Rising cases of the Delta variant could also be putting people off from eating out, Depole said. Sales have dropped at Mooyah restaurants in tourist-heavy areas because the Delta variant has deterred people from traveling, Natalie Anderson Liu, vice president of brand at Mooyah, told Insider. And tourists usually make up just over half of all visitors at the Times Square location, Depole added.

But he said that he didn’t think worries about the Delta variant could have caused the sudden drop in sales because Delta cases were already high anyway.

“The previous week in which the Delta variant was still spreading was far better in sales then last week was,” Depole said.

“I believe, from speaking to people, that it’s more because of the mandate,” he said.

The vaccine mandate was “very polarizing” in comparison with past mask mandates, he added.

Restaurants that voluntarily enforced their own vaccine mandates told Insider that some customers had left bad reviews and threatened to spit on and cough at staff over the policy.

“I never had one incident with a customer who gave me a hard time when they were asked to wear a mask,” Depole said.

The restaurant industry is ‘the easy target’

The restaurant industry is ‘the easy target’

Depole said he understood the reasoning behind the vaccine mandate, but that the restaurant industry was “the easy target” and being “unfairly picked on.”

“We’re being singled out as someone who has to enforce this mandate while other large retailers aren’t having to go through the same type of requirements that we are to allow customers to enter,” he said.

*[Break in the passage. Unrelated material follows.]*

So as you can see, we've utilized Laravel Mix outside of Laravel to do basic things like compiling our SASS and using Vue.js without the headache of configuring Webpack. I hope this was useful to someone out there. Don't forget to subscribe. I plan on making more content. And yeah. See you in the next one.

An analysis published in Nature found that the majority of COVID-19 infections early in the pandemic could be traced to “superspreader” locations, which included restaurants.

“The places that are the riskiest are restaurants, gyms, cafes, and hotels,” the study’s co-author Jure Leskovec told Insider. “These are all places where people are relatively densely packed together for a long period of time.”

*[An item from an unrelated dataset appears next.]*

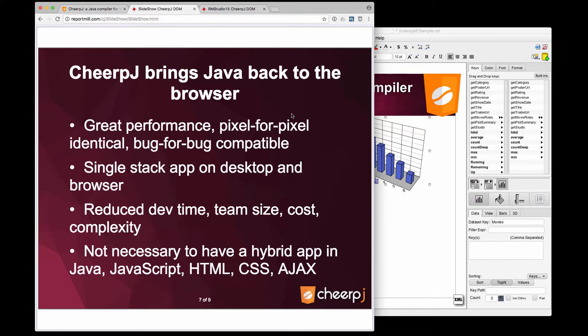This really brings Java back to the browser. There's great performance, pixel-for-pixel identical rendering, bug-for-bug compatible. It's a single stack application running on the desktop and the browser, which reduces developer time and team size, cost, and complexity of a project.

But Depole said his restaurant is safe. “We have had zero cases of COVID linked to our restaurant,” he said.

Anderson Liu said that Mooyah introduced a COVID-19 checklist for all its restaurants at the start of the pandemic, which includes sanitizing restaurants every 15 minutes and screening staff for the coronavirus.

“So I can tell you that almost with a 100% certainty that our restaurant is safer than most of the retail outlets that are not affected by this,” Depole said.